A similar situation arises in airplanes. A student pilot can easily cause wild oscillations around the pitch axis. This is so common that there’s a conventional name for it: PIO (pilot induced oscillation). The pitch axis has some natural aerodynamic feedback of its own, and the response time is comparable to human reaction time, so if you combine the two you get more than enough phase shift to violate the Nyquist criterion.
Similar things happen when flying in cloud, flying by reference to instruments. a name for that too: Chasing the needle. This is particularly miserable with the “classic” instruments, because the sensitivity of the needle varies over a tremendous range, so the loop gain is changing. You need quite a sophisticated mental model to deal with this.
Newton’s second law says that the position is the second integral of the force, so if you are observing the position and controlling the force, you’ve got two poles at zero frequency. You’ve got 180∘ of phase shift before you even get started, and it just gets worse from there. This is much nastier than a thermal RC, which is only one pole.
There are two obvious ways of combatting oscillation in such systems. The first is to turn down the gain. That is, figure out how much you want to move the control, and then move it half that much. Wait to see what happens. If it’s not enough, you can add more later.
The more sophisticated way is to apply feedback to the velocity, not just the position. For example, on a ship, if the desired heading is to the right of the present heading but there is a big rate of yaw toward the right, your first priority is to stop the rate.
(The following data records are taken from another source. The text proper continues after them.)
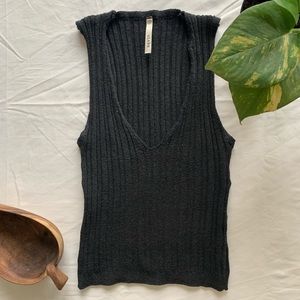 gLARE Knitted V-Neck Pullover Tank, Small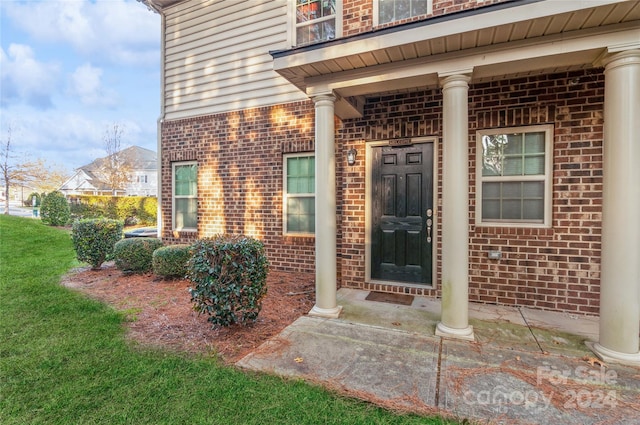 property entrance featuring a porch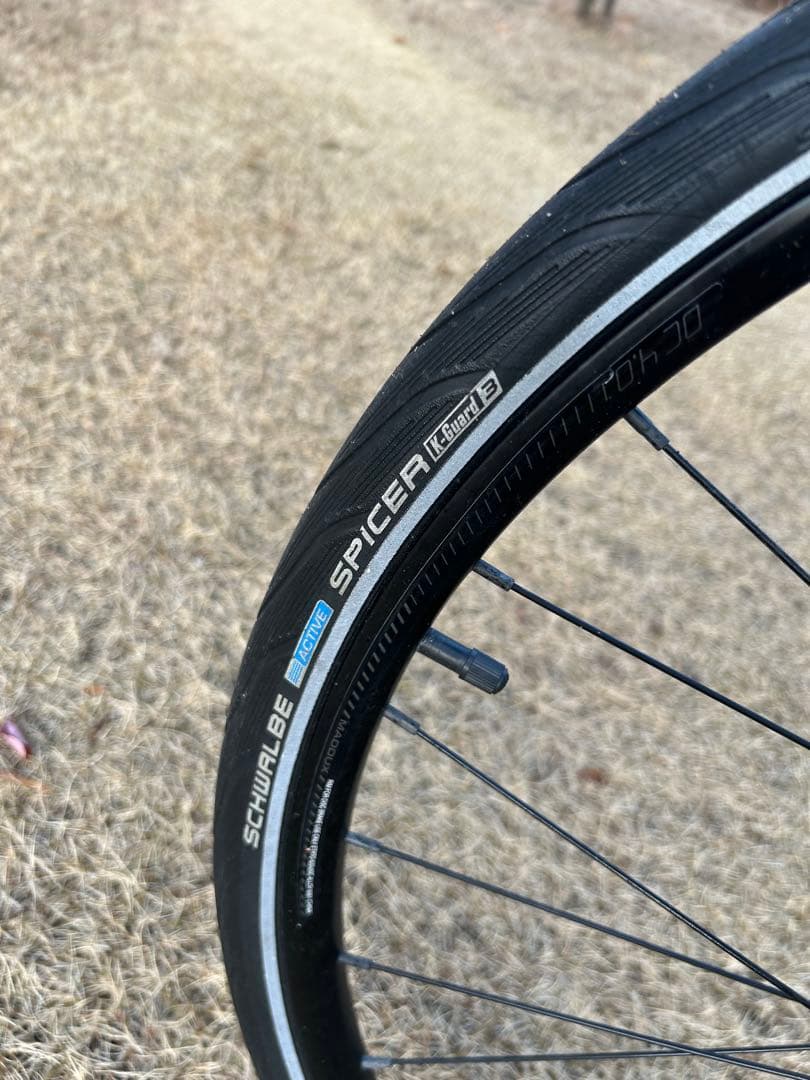 【超美品】CANNONDALE クロスバイク QUICK 4+付属品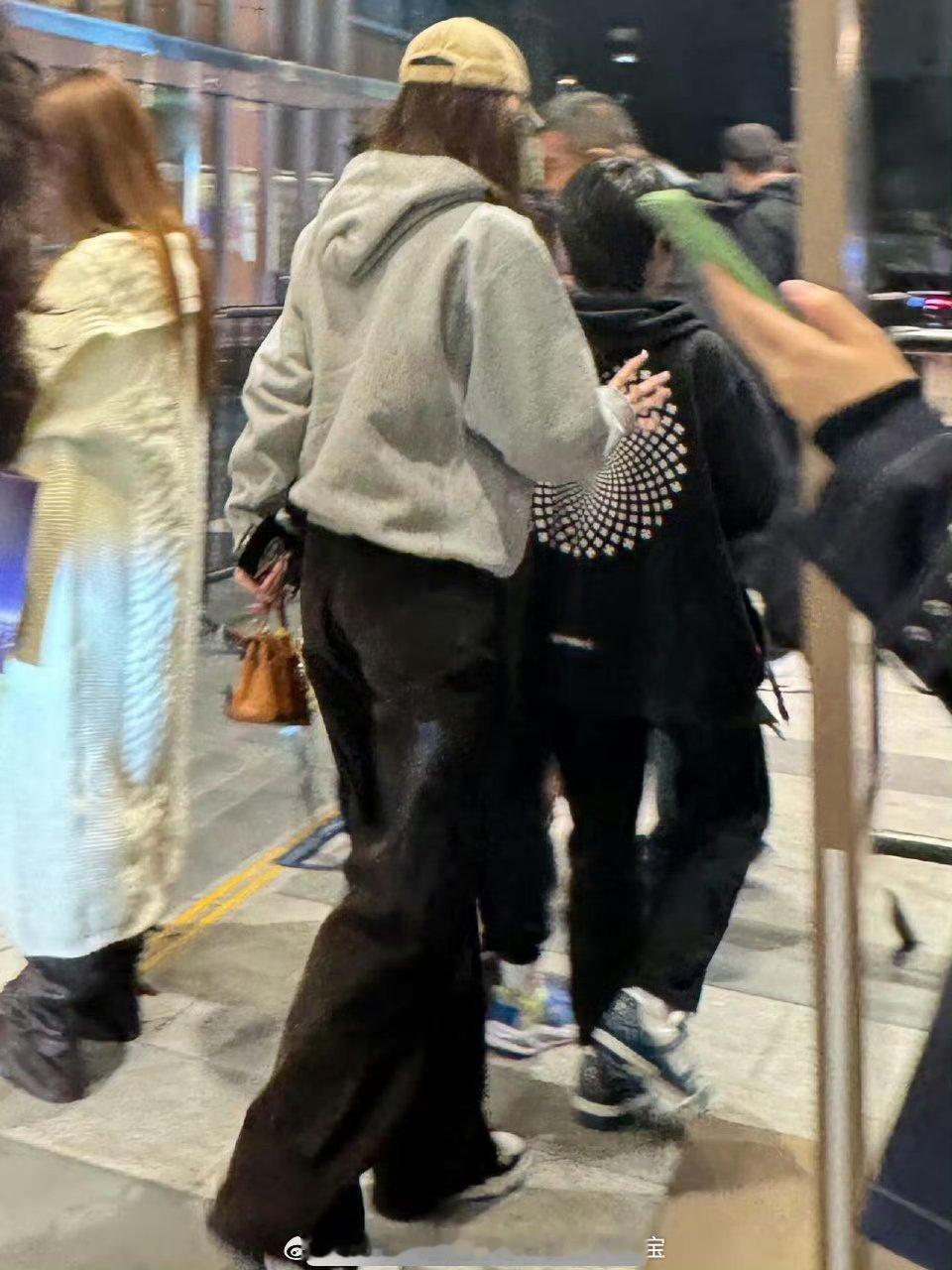 来自成长的温柔暴击！小海绵的身高真是肉眼可见地窜升，都到Baby肩膀了！ 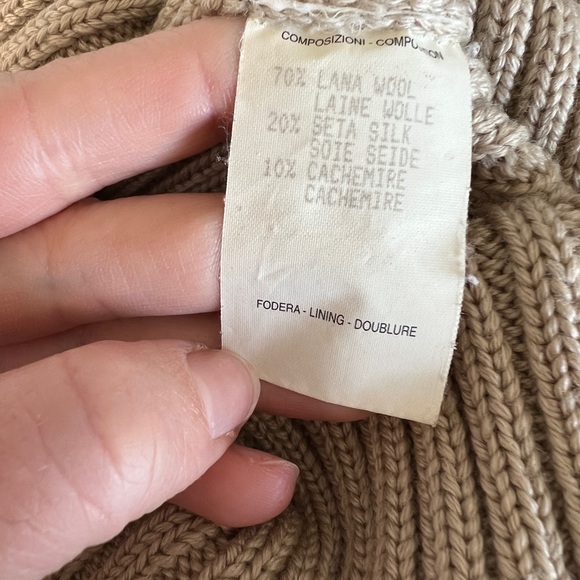 GUCCI Wool, Silk, and Cashmere Turtleneck Sweater - Picture 3 of 9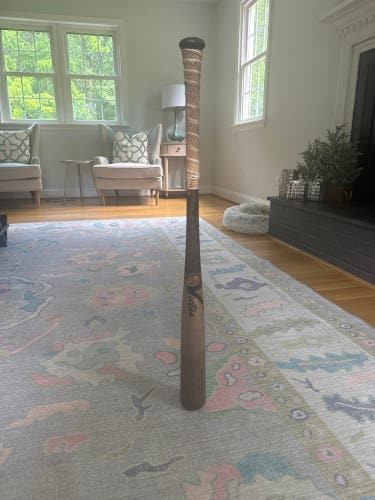 Victus V-Cut Maple Wood Bat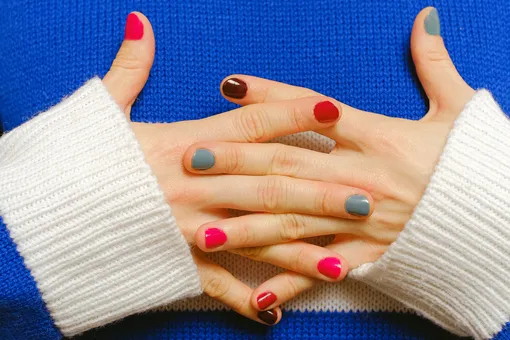 Блестящие, матовые, яркие ногти: что цвет маникюра говорит о характере человека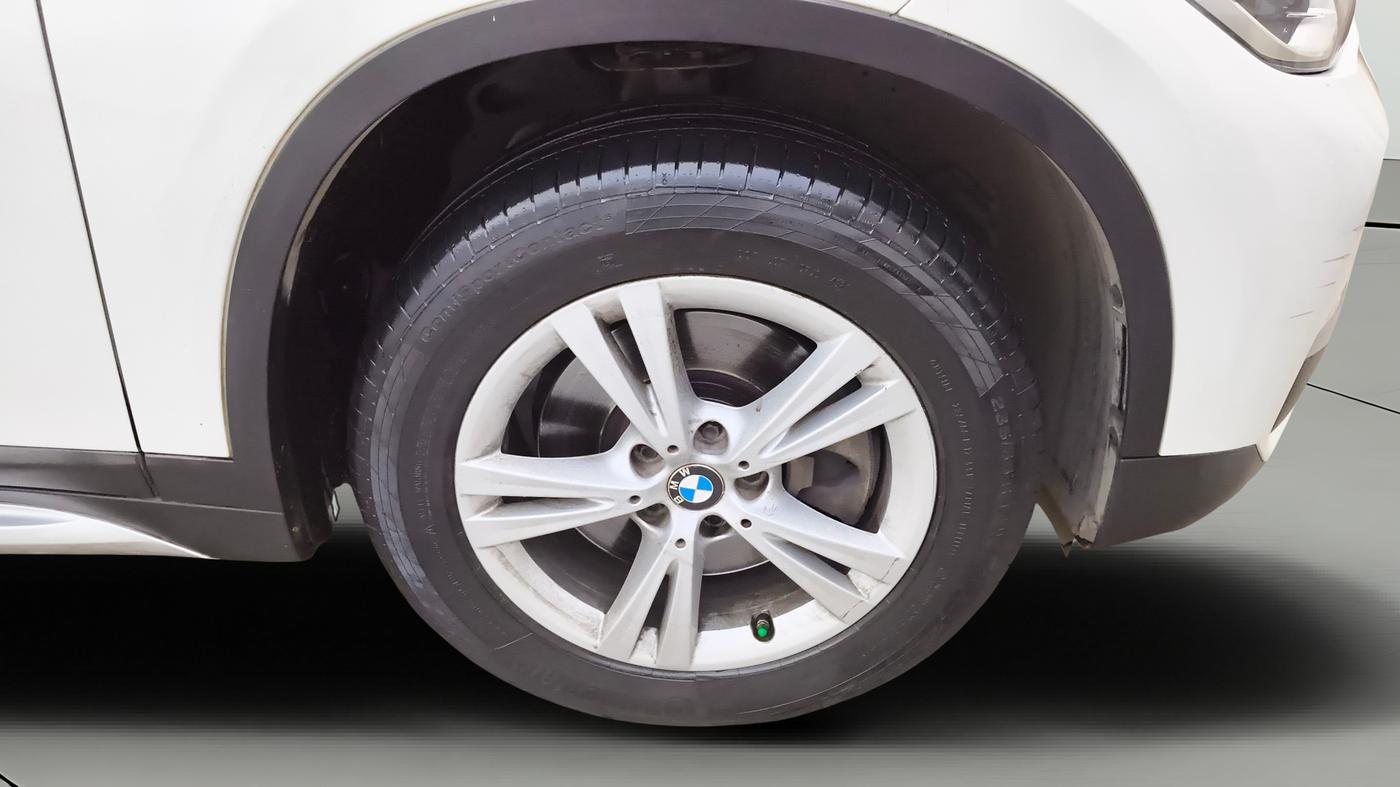 2019 BMW X1 sDrive 20d x Line, Diesel, Automatic, 38,344 km, Right Front Wheel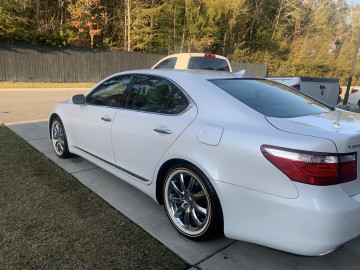 235/50R18 White/Gold tires on a 2007 LEXUS LS 460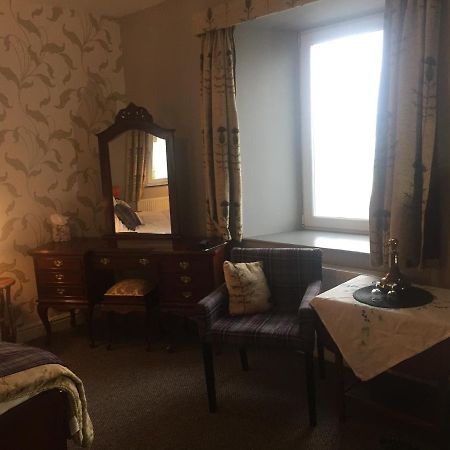 The Auld Cairn Hotel Cairnryan Exterior photo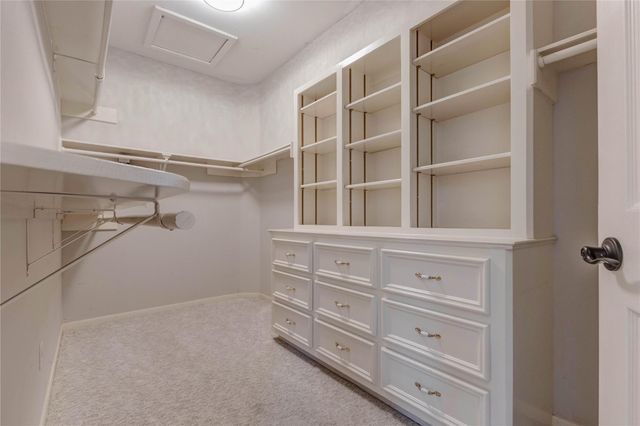 6909 Tournament Drive, Houston, TX 77069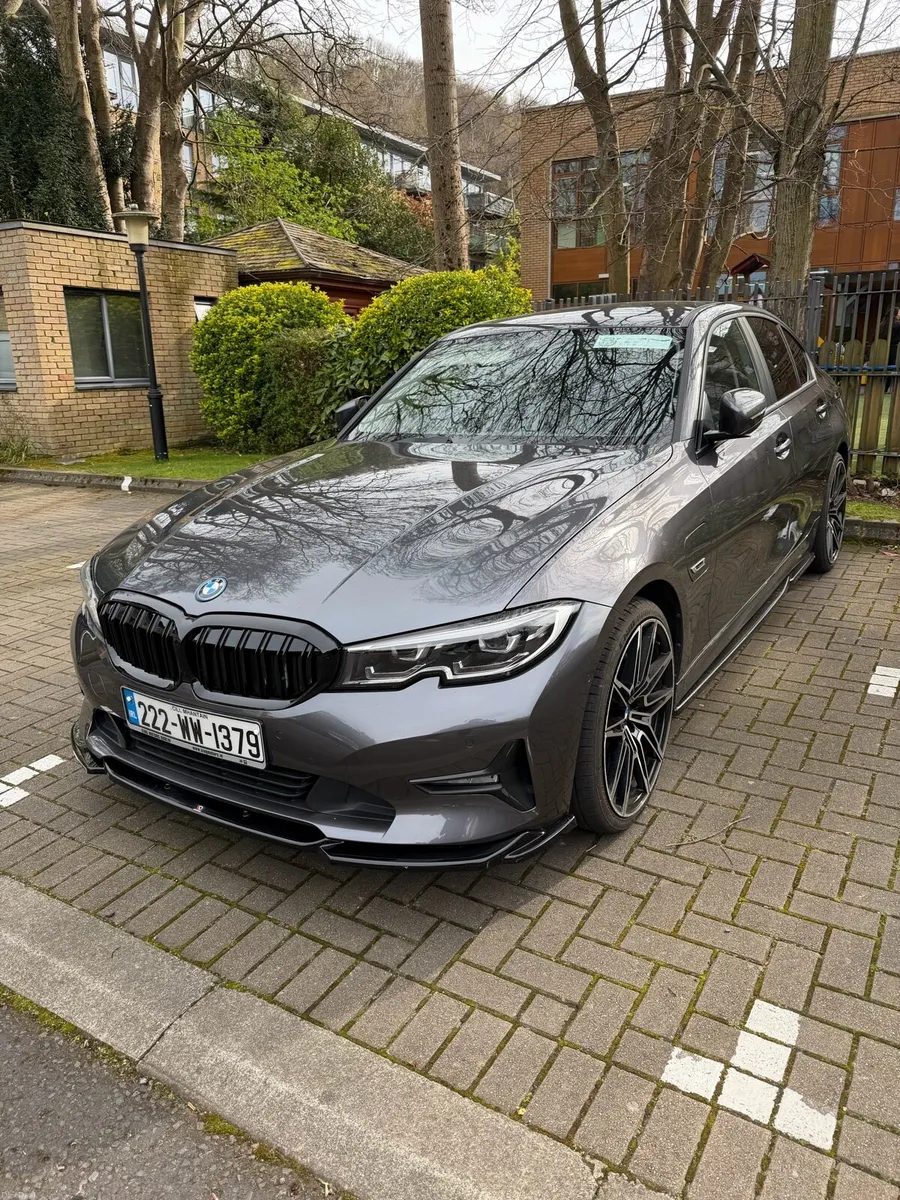 BMW 330e, Auto 20” M Sport Alloys - Image 1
This may require left rudder, even though the desired heading is still well to the right of the current heading.
The same logic applies in airplanes: Stop the needle. That is, look at the velocity of the needle, and make that one of the main inputs to your mental feedback loop.
We can understand the importance of velocity feedback using the same principles. In accordance with Newton’s laws, the position is two integrals removed from the force. That’s two poles at zero hertz. That’s a horror show, if you’re trying to build a simple feedback loop, applying a force in proportion to the position error. In contrast, the velocity is only one integral removed from the force. So you can apply a force in proportion to the velocity, and use that to make a nice stable feedback loop.